Importance sampling is a variance reduction technique.

Assume we want to estimate $$p$$ small, then the relative standard error of $$\hat{p}_n$$ is $$\sigma(\hat{p}_n)/p=\sqrt{p(1-p)/n}p^{-1}\approx 1/\sqrt{np}$$. If $$p=10^{-6}$$, then the relarive standard error is $$10^3/\sqrt{n}$$ which is very large.

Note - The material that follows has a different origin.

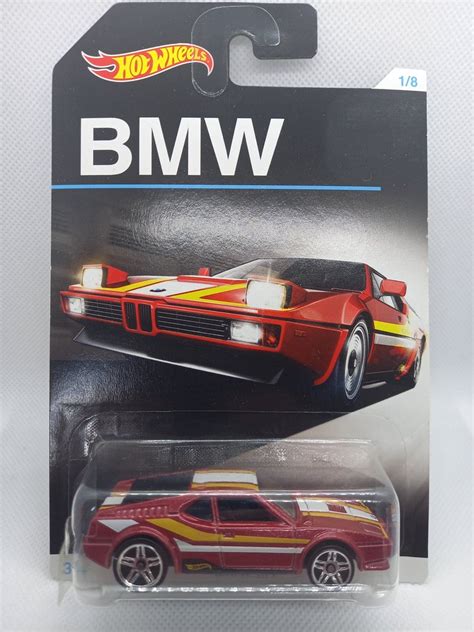 Hot Wheels BMW Complete Serie X Iconic Models Catawiki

Consider rv $$X$$ with dmf $$f$$, in order to estimate $${\mathbb E}[h(X)]=\int h(x)f(x)\,{\rm d}(x)$$ use an instrumental density function $$g$$ such that:

• $$f(x)=0$$ whenever $$g(x)=0$$

If $$Y$$ stands for a rv with dmf $$g$$, then ${\mathbb E}[h(X)]=\int h(x)f(x)\,{\rm d}(x)=\int h(x)\frac{f(x)}{g(x)}g(x)\,{\rm d}(x)={\mathbb E}[h(Y)\omega(Y)]\,,$ where the weight function $$\omega=f/g$$.

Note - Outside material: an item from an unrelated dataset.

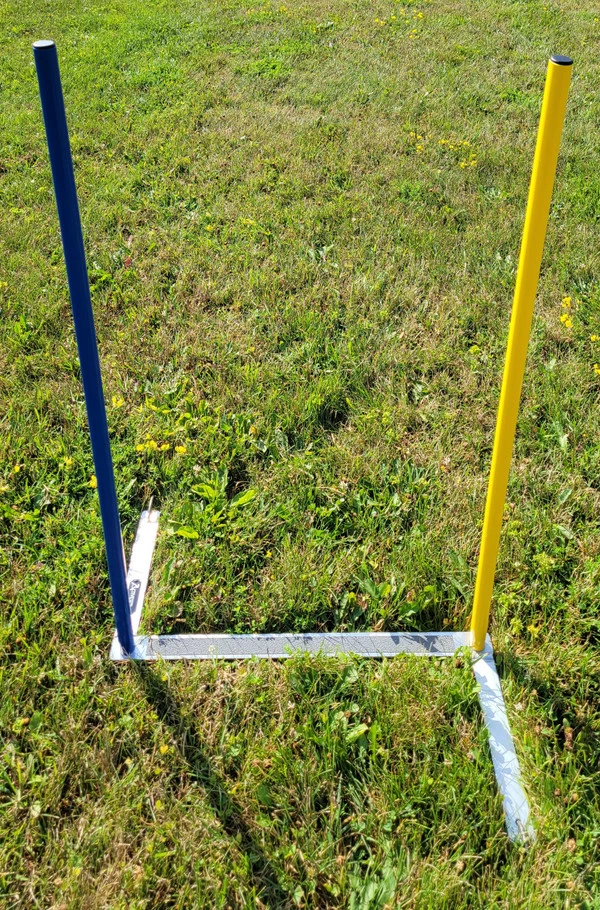 Agility 2x2 Weave Pole System - Image 4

By sampling from $$g$$ and averaging $$h(y_i)\omega(y_i)$$ we obtain an unbiased estimation of $${\mathbb E}[h(Y)]$$ whose variance is ${\rm Var}\left[\frac{1}{n}\sum_{i=1}^n h(Y_i)\omega(Y_i)\right]=\frac{1}{n}\left({\mathbb E}[h^2(X)\omega(X)]-{\mathbb E}[h(X)]^2\right)$

While when $$g=f$$, the variance is $$({\mathbb E}[h^2(X)]-{\mathbb E}[h(X)]^2)/n$$. In order to reduce the variance we need that $$\omega$$ is small – equiv. $$g$$ is large – for large values of $$h^2$$ (while it can be large – equiv. $$g$$ small – at the values where $$h^2$$ is small).

1-pnorm(5)
## [1] 2.866516e-07

Example

set.seed(1) ; MC <- 10000
s.norm <- rnorm(MC)
c(mean(s.norm>5),var(s.norm>5)/MC)
## [1] 0 0
ss.norm <- s.norm+5
is <- (ss.norm>5)*exp((25-10*ss.norm)/2)
c(mean(is),var(is)/MC)
## [1] 2.799445e-07 4.565146e-17

Tilting

Density function $f_t(x)=\frac{e^{tx}f(x)}{M(t)}$ is called tilted density of $$f$$, for $$-\infty<t<\infty$$.

Tilting is a natural way to obtain instrumental dmfs for importance sampling.

If $$X\sim{\rm N}(\mu,\sigma)$$, by tilting, we obtain $${\rm N}(\mu+t\sigma^2,\sigma)$$.